En 1882, Garibaldi mourut à Caprera et Geronimo mena la dernière révolte indienne dans le Nouveau Monde. La même année à Venise, inextricablement liée à la mer et où se pratique depuis des siècles la rame et les régates, le comte Piero Venier et un groupe de jeunes enthousiastes décidèrent de faire revivre la tradition de la rame en fondant la Reale Società Canottieri Bucintoro, la Société royale de rame Bucintoro, étendant les activités du jeune club à l’escrime, la gymnastique et tout ce qui pourrait contribuer à la nouvelle image du sport qui se répandait alors dans le monde entier.
Depuis lors, la glorieuse et passionnante histoire de ce club sportif, grâce à ses équipages et à ses bateaux, est devenue une partie de la vie de Venise. Les rameurs et les bateaux Bucintoro étaient des protagonistes célèbres dans les compétitions d’aviron du monde entier: dès la première victoire internationale en 1884, avec le bateau «Rialto», remportant la Coupe de la Duchesse de Gênes, un drapeau, une médaille d’or et la somme de 1600 Lire, les couleurs de la Bucintoro étaient présentes dans les compétitions majeures : aux Jeux olympiques d’Athènes, où son équipage a remporté trois médailles d’or en quatre barré, à Paris, dans la même spécialité, à Anvers, une médaille d’or en double barré, puis à nouveau à Berlin, Helsinki, Rome, Barcelone. Atlanta, Beijing, participant également à des championnats européens, mondiaux et nationaux, récoltant toujours des résultats similaires.

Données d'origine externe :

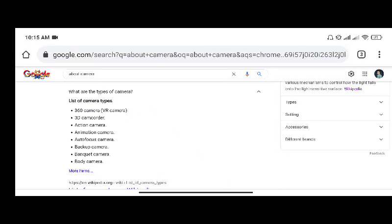What are the types of cameras? List of camera types. There are many types of cameras such as 360 camera, 3D camcorder, action camera, animation camera, autofocus camera, backup camera, banquet camera, and body camera.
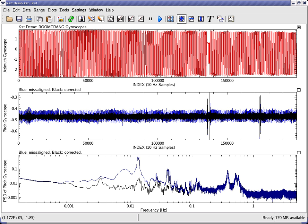KST is the fastest real-time large dataset viewing and plotting tool available and has basic data analysis functionality. KST contains many powerful built-in features and is expandable with plugins and extensions.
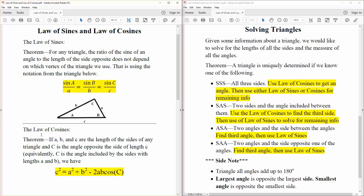And the next one is the law of cosines — the theorem. If a, b, c are the lengths of the sides of any triangle, and C is the angle opposite the side of length c — equivalently, capital C is the angle included by the sides with length a and b — we have: c squared is equal to a squared plus b squared minus 2ab cosine C. The capital letter represents the angle. This is just a reference video, so when we actually solve problems in the next video, it might make more sense.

En 1902, le roi Victor Emmanuel III vint à Venise et devint président d’honneur de la Bucintoro. Le poète italien Gabriele D’Annunzio, qui était souvent invité au prestigieux siège de la Bucintoro, la Palazzina della Selva aux Jardins royaux, a pris part à cet événement extraordinaire. En 1908, D’Annunzio donna au Bucintoro sa devise: «Sans ailes, on ne peut voler», exprimant l’envol futur qu’il envisageait et la tradition du lion ailé de la lagune.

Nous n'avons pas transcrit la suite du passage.